RECORDED INFORMATION —
======

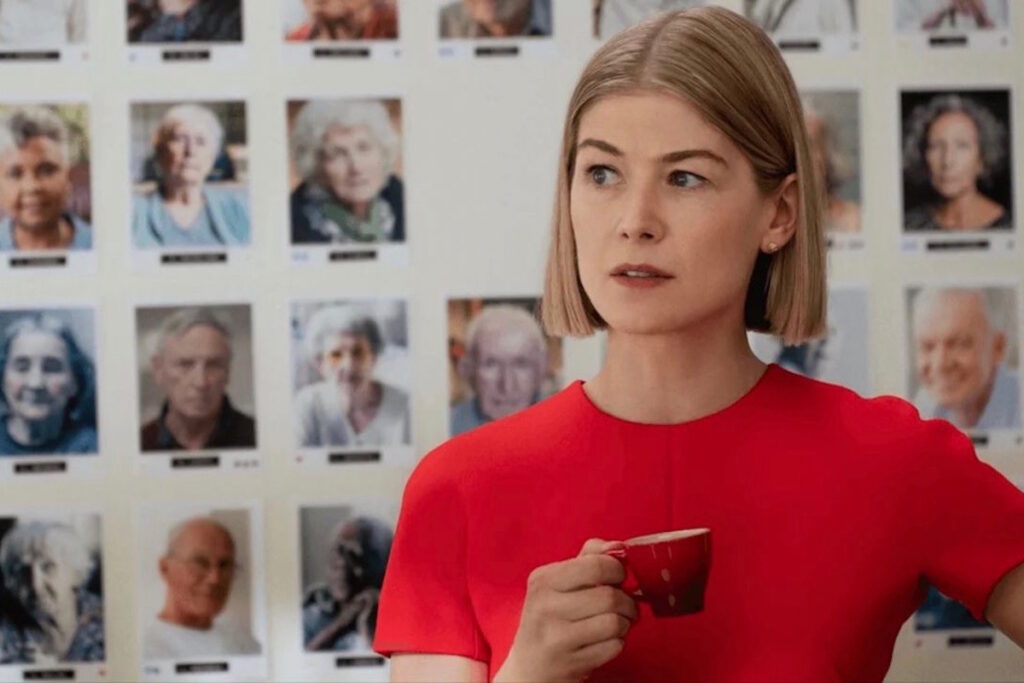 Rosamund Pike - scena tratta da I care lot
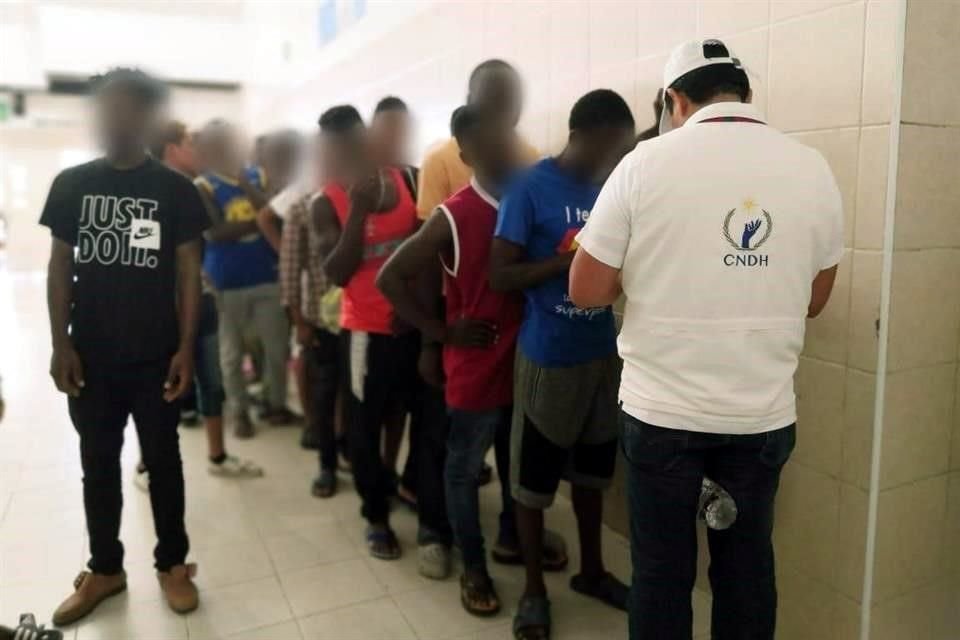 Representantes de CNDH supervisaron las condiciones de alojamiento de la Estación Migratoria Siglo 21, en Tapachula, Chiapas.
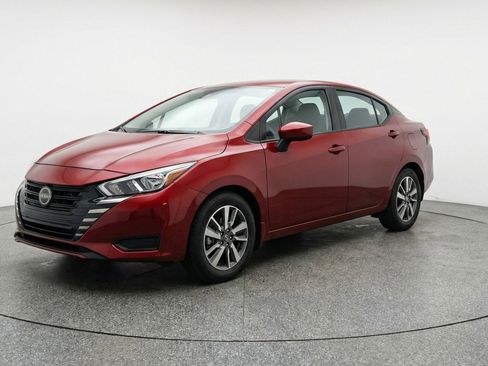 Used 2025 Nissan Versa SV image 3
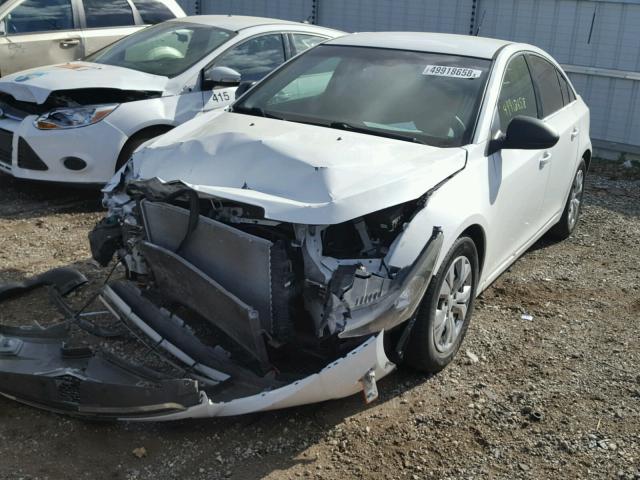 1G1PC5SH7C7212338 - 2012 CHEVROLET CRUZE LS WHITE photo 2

======

WORK INSTRUCTIONS — The required output is every line from the one containing "Representantes de CNDH" through the last line of the data above, restated exactly and without pictures.

FINISHED TASK —
 Representantes de CNDH supervisaron las condiciones de alojamiento de la Estación Migratoria Siglo 21, en Tapachula, Chiapas.
 Used 2025 Nissan Versa SV image 3
 1G1PC5SH7C7212338 - 2012 CHEVROLET CRUZE LS WHITE photo 2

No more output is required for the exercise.